[Start of Attachment]

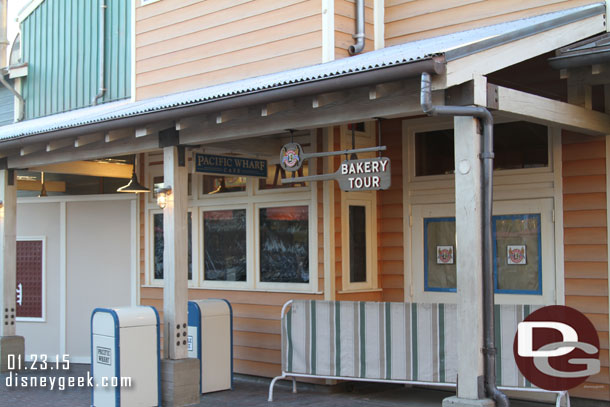 The same Bakery Tour sign over this doorway.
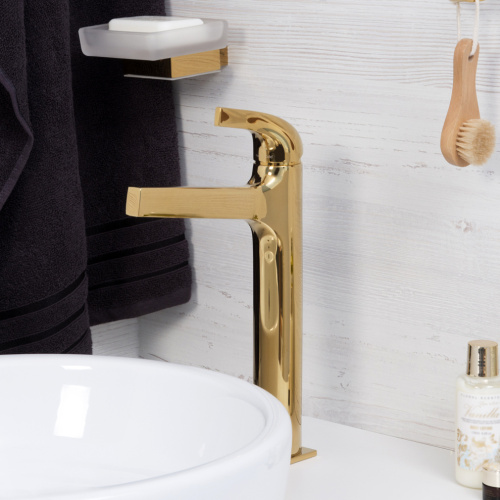 Смеситель WasserKRAFT Sauer 7100 7103H на раковину золото - фото 3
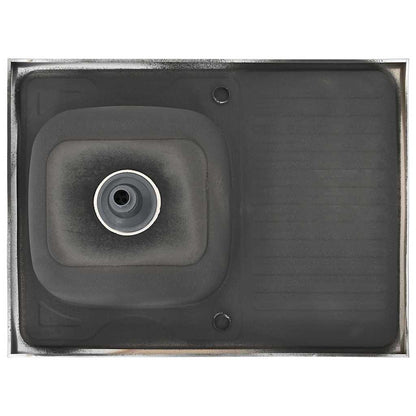 Kitchen Sink with Drainer Set Silver 800x600x155 mm Stainless Steel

[End of Attachment]

■ TRY IT: Word for word, restate the lines from the line containing "Смеситель WasserKRAFT Sauer" through the end of the data, including the first and last of them. Pictures stay out.

■ WRITTEN SOLUTION:
 Смеситель WasserKRAFT Sauer 7100 7103H на раковину золото - фото 3
 Kitchen Sink with Drainer Set Silver 800x600x155 mm Stainless Steel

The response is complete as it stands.